Kekuatan ini tidak hanya memperlemah orang kuat tetapi juga kebudayaan secara luas. Negara menguasai kebudayaan dan mejadi locus ressentimen. Nietzsche tidak melihat revolusi sosialis sebagai solusi atas masalah ini. Dia merasa bahwa hal itu justru semakin memperkuatnya. Selain menentang sosialisme, Nietzsche juga tidak mendukung kapitalisme, karena baginya kapitalisme dianggap sebagai sebentuk perlawanan terhadap kemajuan kebudayaan serta individu-individu yang tangguh. Mereka yang ambil bagian dalam perekonomian kapitalis direduksi menjadi “semut-semut industri” sementara negara kapitalis dilengkapi dengan “meluasnya pangsa pasar” [Antonio, 1995:5]. Kemudian, “egalitarianisme” yang menyertai kapitalisme mereduksi segala sesuatu ke common denominator yang paling rendah, yang mana hal itu mempengaruhi terjadinya keletihan budaya. Akhirnya, semua kekhasan individual dan juga kekhasan kebudayaan tersingkir.

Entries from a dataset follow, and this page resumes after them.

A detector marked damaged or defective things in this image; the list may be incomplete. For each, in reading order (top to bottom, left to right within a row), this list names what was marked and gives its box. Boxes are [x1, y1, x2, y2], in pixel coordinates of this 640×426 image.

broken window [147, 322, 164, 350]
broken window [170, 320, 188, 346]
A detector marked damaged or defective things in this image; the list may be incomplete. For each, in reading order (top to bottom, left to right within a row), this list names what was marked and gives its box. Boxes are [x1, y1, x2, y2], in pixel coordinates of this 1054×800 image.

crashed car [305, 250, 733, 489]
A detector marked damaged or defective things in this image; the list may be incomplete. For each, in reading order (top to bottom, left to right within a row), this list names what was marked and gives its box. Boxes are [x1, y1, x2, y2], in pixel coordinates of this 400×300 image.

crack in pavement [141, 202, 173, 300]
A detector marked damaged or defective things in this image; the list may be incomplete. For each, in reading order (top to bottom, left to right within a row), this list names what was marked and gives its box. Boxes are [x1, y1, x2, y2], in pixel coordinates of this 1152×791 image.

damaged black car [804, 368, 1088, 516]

Jelaslah bahwa Nietzsche memuji mereka yang mampu menghindar dari kekuatan-kekuatan opresif tersebut –yang disebutnya sebagai “individu-individu yang berdaulat”. Menurut Nietzsche, orang-orang macam ini adalah individu-individu yang unik, yang mengandalkan inteligensi tubuh dan insting-insting vital mereka ketimbang larut dalam aturan-aturan dan harapan. Melalui penipuan dan penguasaan diri, mereka dapat terhindar dari kekuatan-kekuatan penyeragam (homogenizing forces) yang ada di masyarakat.

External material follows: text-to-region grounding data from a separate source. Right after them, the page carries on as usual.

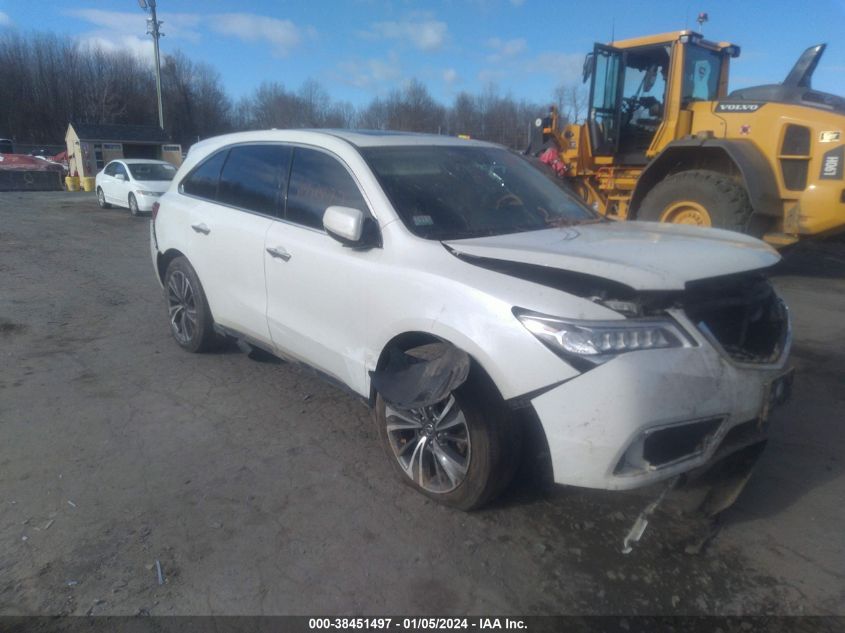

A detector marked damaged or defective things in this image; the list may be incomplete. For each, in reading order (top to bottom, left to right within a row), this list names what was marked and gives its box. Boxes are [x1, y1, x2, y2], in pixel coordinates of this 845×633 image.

damaged front bumper [528, 306, 792, 488]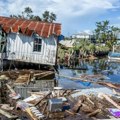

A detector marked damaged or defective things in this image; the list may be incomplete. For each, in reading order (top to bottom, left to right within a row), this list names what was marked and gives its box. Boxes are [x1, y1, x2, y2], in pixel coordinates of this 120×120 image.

damaged house [0, 15, 61, 67]
rusty metal siding [6, 32, 57, 65]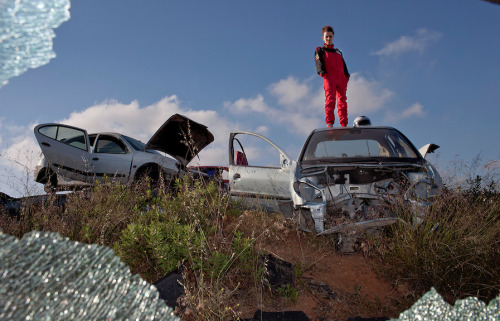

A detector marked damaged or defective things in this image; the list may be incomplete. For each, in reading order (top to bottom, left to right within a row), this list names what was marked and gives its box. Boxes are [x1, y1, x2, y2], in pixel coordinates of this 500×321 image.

dark wrecked car [33, 114, 213, 191]
wrecked car [33, 114, 213, 191]
wrecked car [229, 119, 444, 241]
dark wrecked car [229, 117, 444, 248]
broken windshield [298, 127, 420, 164]
damaged front end [292, 161, 442, 236]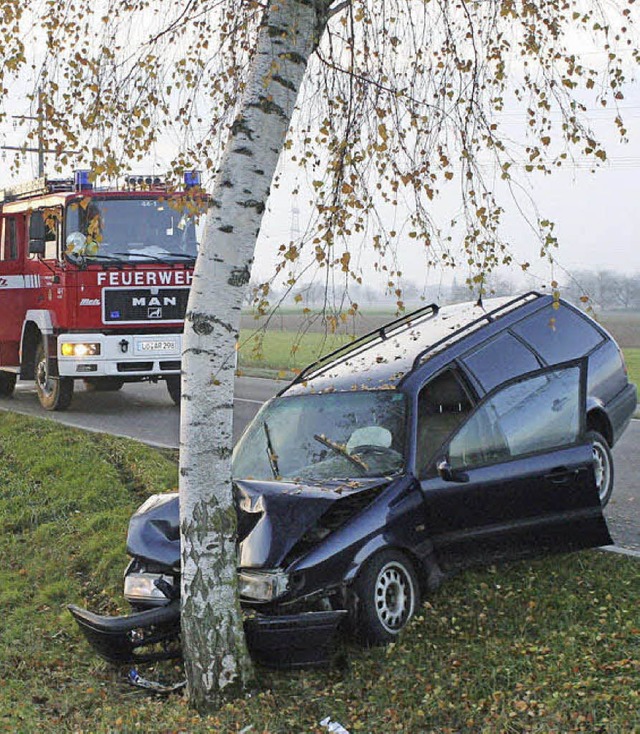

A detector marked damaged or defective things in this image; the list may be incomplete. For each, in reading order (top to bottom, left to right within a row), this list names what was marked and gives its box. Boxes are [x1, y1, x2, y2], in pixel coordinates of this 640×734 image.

broken windshield [64, 197, 205, 264]
damaged front end [67, 474, 392, 668]
crumpled hood [127, 480, 392, 572]
broken windshield [232, 392, 408, 484]
crashed black car [70, 294, 636, 668]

Nietzsche sangat menghargai kebudayaan dengan segala “kehendak untuk menipu” (will to deception) yang ada di dalamnya ketimbang pengetahuan dan “kehendak akan kebenaran”-nya (will to truth). Pengetahuan dikaitkan dengan rasionalitas dan askesitisme, sedangkan kebudayaan dikaitkan dengan irasionalitas dan permainan yang tidak menghambat. Kebudayaan dan estetika berkaitan dengan kebebasan yang lebih besar, lebih dari sekedar individualitas, kegembiraan yang lebih besar dan kelucuan kanak-kanak. Nietzsche mendambakan dunia dimana kebudayaan menjadi sesuatu yang dominan dan pemimpin dari kebudayaan itu adalah individu-individu berdaulat yang memiliki “kekuatan yang diperlukan, kreativitas dan tiada hambatan, dapat menghadapi segala macam provokasi dan hasutan, chauvinisme, penjilatan dan kekerasan” [Antonio, 1995:20]. Namun, para pemimpin harus hati-hati untuk menghindari moralisme berlebihan dan mengembangkan sebuah obsesi dengan kontrol.

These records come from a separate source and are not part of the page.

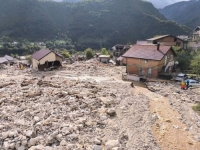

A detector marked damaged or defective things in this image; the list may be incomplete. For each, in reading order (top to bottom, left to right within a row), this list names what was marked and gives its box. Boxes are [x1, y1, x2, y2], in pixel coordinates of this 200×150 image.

damaged house [31, 49, 63, 70]
broken roof [122, 44, 173, 60]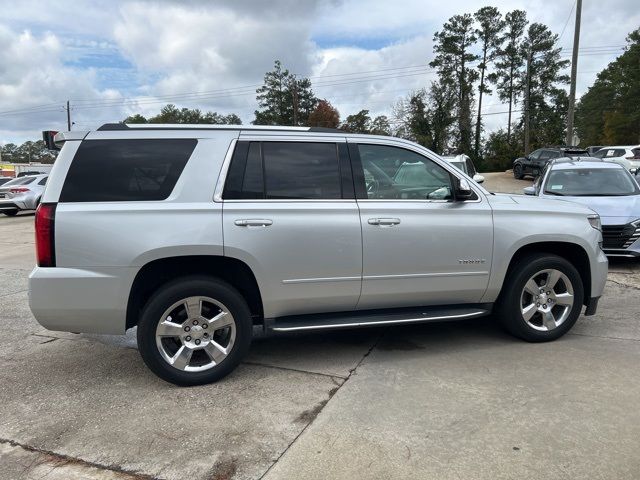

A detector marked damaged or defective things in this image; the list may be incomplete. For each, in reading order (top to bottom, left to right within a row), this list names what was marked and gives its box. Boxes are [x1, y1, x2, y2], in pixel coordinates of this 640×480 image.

crack in pavement [0, 438, 158, 480]
crack in pavement [258, 330, 388, 480]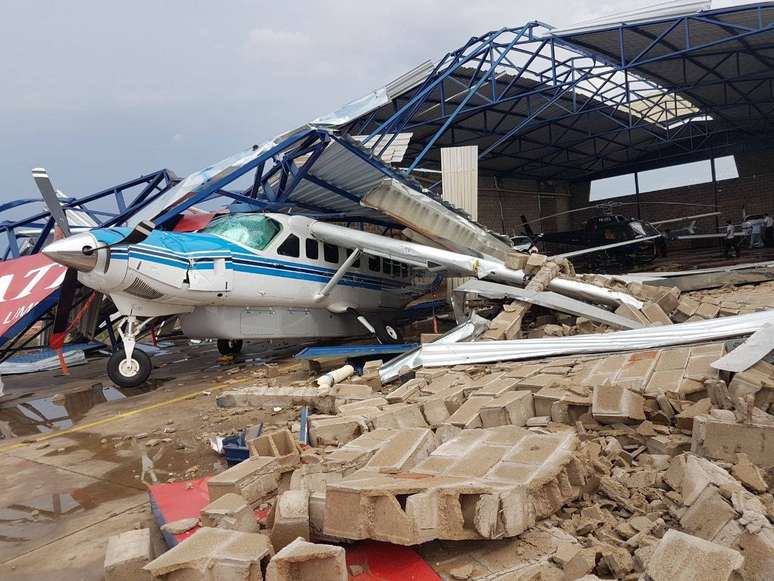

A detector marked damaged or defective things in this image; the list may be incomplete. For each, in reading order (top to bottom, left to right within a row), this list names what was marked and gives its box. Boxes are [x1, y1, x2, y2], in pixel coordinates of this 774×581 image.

broken concrete block [249, 428, 300, 468]
broken concrete block [217, 386, 334, 412]
broken concrete block [310, 414, 370, 446]
broken concrete block [372, 402, 428, 428]
broken concrete block [446, 392, 494, 428]
broken concrete block [478, 390, 532, 426]
broken concrete block [596, 382, 648, 424]
broken concrete block [692, 412, 774, 466]
broken concrete block [209, 456, 282, 506]
broken concrete block [322, 426, 588, 544]
broken concrete block [202, 492, 260, 532]
broken concrete block [272, 490, 310, 548]
broken concrete block [104, 524, 153, 580]
broken concrete block [144, 528, 274, 580]
broken concrete block [266, 536, 348, 580]
broken concrete block [648, 532, 744, 580]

Antonio menunjukan bahwa kompleks Nietzsche dan gagasan-gagasannya yang sering kontradiktoris memiliki signifikansi terhadap perkembangan teori sosial postmodern –khususnya Weber, terhadap para pemikir sayap kiri, teoritikus sayap kanan dan terhadap kaum postmodernis. Secara singkat Antonio menjelaskan pengaruh Nietzsche terhadap pemikiran beberapa pemikir yang akan di-dalami, seperti Foucault, Derrida dan Baudrillard. Secara lebih umum, “tema-tema Nietzschean punya kekuatan menembus –kaum postmodernis biasanya mencintai gaya ekspresi yang estetis, saling bertentangan, terpecah-pecah dan selalu berubah ketimbang representasi konvensional. Mereka juga mencintai pengetahuan yang penuh perspektif ketimbang pengetahuan yang obyektif, mencintai visi kebudayaan yang non-rasional ketimbang visi kebudayaan yang rasional. Motif-motif kaum Nietzschean sangat jelas tampak dalam sejumlah argumentasi mereka mengenai peran bahasa dalam dominasi kebudayaan, dalam kritik mereka atas negara yang selalu mengawasi, dalam afirmasi mereka atas perbedaan multi-kultural serta dalam klaim mengenai perkiraan probematis, bidang-bidang yang tidak tereksplorasi dan suara-suara yang di marginalisir dalam teori sosial. Juga, serangan mereka yang elegan terhadap ideologi-ideologi moralistik, positivisme, bias-bias kebudayaan yang sempit dan dalil-dalil intelektual sanagt jelas menunjukkan dorongan-dorongan Nietzschean” [Antoni, 1995:28].
Namun hal tersebut sama
sekali tidak berarti bahwa tidak ada perbedaan penting antara Nietzsche dengan
teori sosial post-modern. Di satu pihak, banyak kaum postmodernis yang
mendukung pandangan yang condong ke kiri, egalitarian, dan pluralistik. Kedua,
relativisme ekstrem kaum postmodern terkadang mencerminkan modernisme liberal
yang justru selama ini dikritik oleh Nietzsche. Ketiga, kaum postmodernis
cenderung mengabaikan argumennya atas bentuk-bentuk baru otoritas dan dominasi
kebudayaan. Akhirnya, sebutan Nietzsche untuk individu-individu yang
“berdaulat” sering hilang sebagaimana lenyapnya subyek dalam dunia tanda-tanda
postmodern.
Meskipun Nietzsche
mensubordinasikan pengetahuan dalam kebudayaan, ia menyetujui pentingnya
“kehendak akan kebenaran”, terutama kesediaan untuk melihat kenyataan
sebagaimana adanya, “dalam segenap multisiplitas, ketidak-pastian khaotik dan
kekerasannya, apapun biayanya [Antonio, 1995:19]. Maka bagi para individu yang
berdaulat, “visi yang mengundang gairah serta kebenaran ilmiah merupakan dua
hal yang dibutuhkan untuk menghadapi ‘lautan bebas dan tugas-tugas besar” [Antonio,
1995: 19].
Richard Rorty
Rorty memulai Philosophy
and the Mirror of Nature dengan tinjauan singkat mengenai filsafat Barat dari
abad 17 hingga abad 19. Ada sejumlah pemikiran dominan yang muncul selama
periode ini seperti pemikiran yang memfokuskan diri pada persoalan manusia
sebagai “yang mengetahui” (the knower) yang terlibat dalam proses
merepresentasikan dunia, suatu pandangan yang melihat filsafat “sebagai
pengadilan atas rasio murni, yang mendukung dan menyangkal klaim-klaim
kebudayaan”, dan “sebagai sebuah disiplin dasar yang diklaim oleh pengetahuan”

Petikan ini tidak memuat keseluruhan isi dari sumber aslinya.